Yang paling menjengkelkan saya adalah sikap underestimate mereka kepada Indonesia. Ekstreamnya, bagi mereka potret Indonesia itu adalah kemiskinan, TKW, santet (dukun) dan Indomie. Selain itu, Islamnya orang Indonesia dianggap sangat berbeda dengan Islamnya mereka. Dalam banyak kesempatan bicara dengan mereka, seringkali saya merasa tidak puas dengan persepsi yang mereka bangun tentang Indonesia. Persepsi mereka itu, tidak saja salah, tetapi lebih dari itu, kadangkala kotradiktif dengan kenyataan yang sebenarnya yang kita alami di Indonesia.

Ada beberapa hal lain yang membuat saya kecewa dengan mereka. Namun puncaknya adalah ketika membaca koran kampus yang memberitakan tertangkapnya salah seorang mahasiswa asal Saudi yang terbukti melakukan pelecehan seksual kepada seorang anak SMU yang dinilai masih di bawah umur. Berita ini tidak saja dibicarakan di tingkat mahasiswa Timur Tengah saja, tetapi sudah menjadi wacana publik yg tentunya bisa saja mencoreng nama baik Haramain dan Islam secara umum.

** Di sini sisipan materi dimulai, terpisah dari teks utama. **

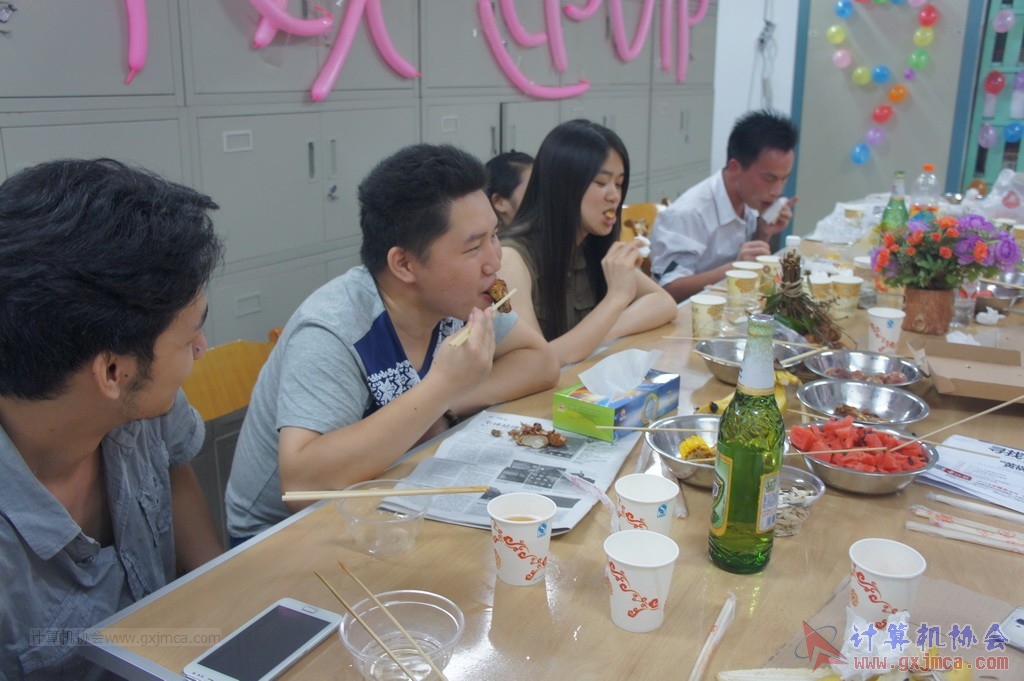 140614ca2048.JPG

Akhirnya, harus jujur pula saya akui bahwa di antara mereka banyak juga yang baik dan respek terhadap nama baik Islam dan Haramain dan juga pada Indonesia. Kepada mereka-mereka ini, tentu saja saya harus tetap menjaga silaturrahmi dan komunikasi yang baik. Harapan saya, mereka-mereka ini bisa menjadi contoh bagi mahasiswa-mahasiswa lain yang setiap tahun semakin banyak.